Set down the data below in full and exactly, minus the pictures.

Data extract
+--
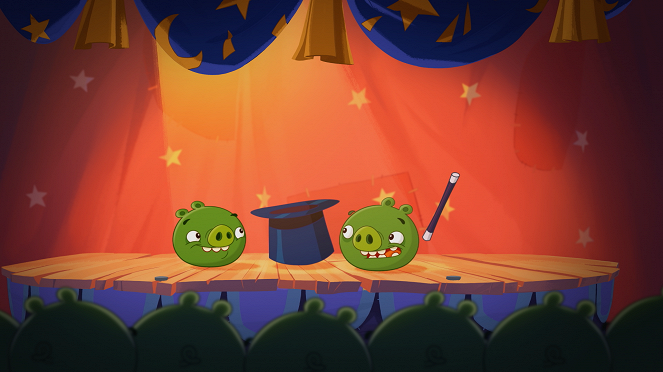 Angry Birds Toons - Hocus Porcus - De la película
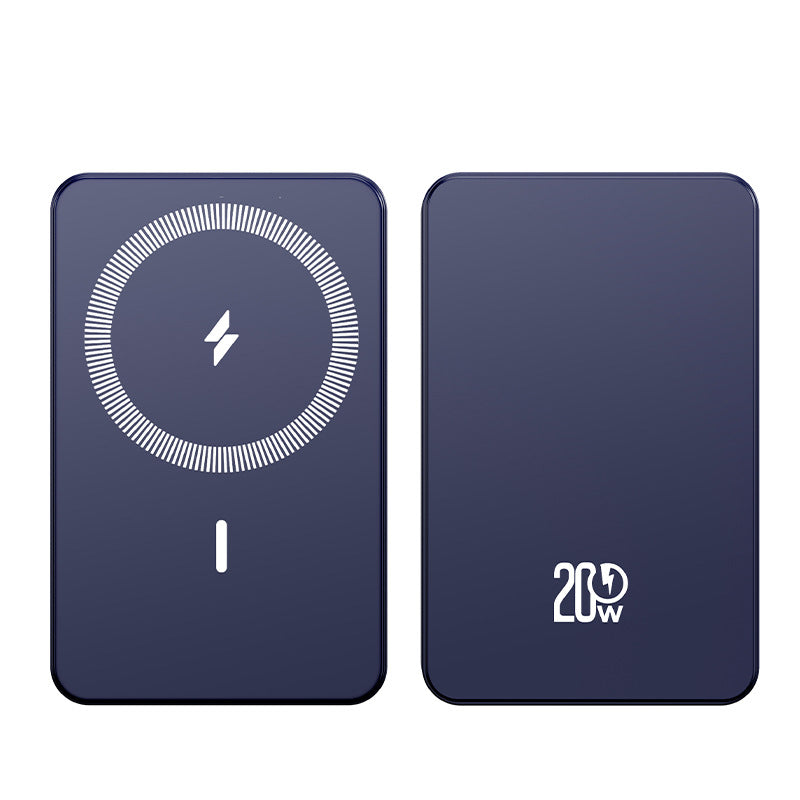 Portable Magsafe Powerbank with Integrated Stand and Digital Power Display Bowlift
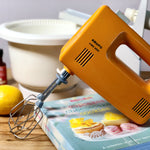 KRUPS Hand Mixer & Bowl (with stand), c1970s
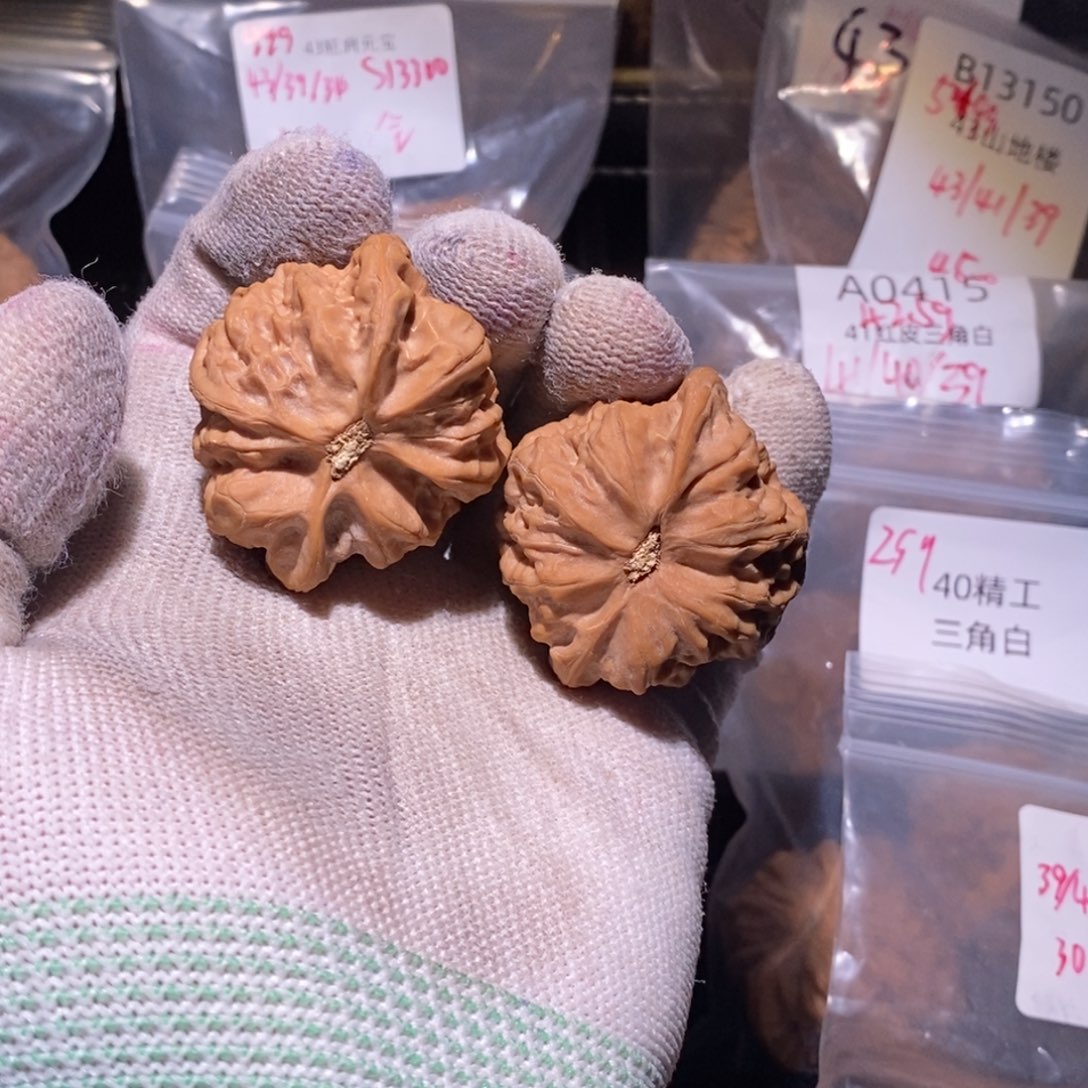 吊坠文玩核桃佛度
+--
Written response
 Angry Birds Toons - Hocus Porcus - De la película
 Portable Magsafe Powerbank with Integrated Stand and Digital Power Display Bowlift
 KRUPS Hand Mixer & Bowl (with stand), c1970s
 吊坠文玩核桃佛度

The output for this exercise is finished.